◆ EXERCISE OBJECTIVE: Each entry has to be copied exactly, with nothing missed.

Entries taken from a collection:
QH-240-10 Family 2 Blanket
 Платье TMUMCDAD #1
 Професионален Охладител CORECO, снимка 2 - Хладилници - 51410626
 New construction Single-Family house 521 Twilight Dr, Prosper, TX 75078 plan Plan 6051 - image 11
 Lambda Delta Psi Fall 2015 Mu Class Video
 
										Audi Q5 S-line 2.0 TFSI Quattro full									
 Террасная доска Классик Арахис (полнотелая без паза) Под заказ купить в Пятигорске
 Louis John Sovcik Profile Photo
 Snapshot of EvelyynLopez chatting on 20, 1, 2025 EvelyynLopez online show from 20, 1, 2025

◆ THE ANSWER:
QH-240-10 Family 2 Blanket
 Платье TMUMCDAD #1
 Професионален Охладител CORECO, снимка 2 - Хладилници - 51410626
 New construction Single-Family house 521 Twilight Dr, Prosper, TX 75078 plan Plan 6051 - image 11
 Lambda Delta Psi Fall 2015 Mu Class Video
 
										Audi Q5 S-line 2.0 TFSI Quattro full									
 Террасная доска Классик Арахис (полнотелая без паза) Под заказ купить в Пятигорске
 Louis John Sovcik Profile Photo
 Snapshot of EvelyynLopez chatting on 20, 1, 2025 EvelyynLopez online show from 20, 1, 2025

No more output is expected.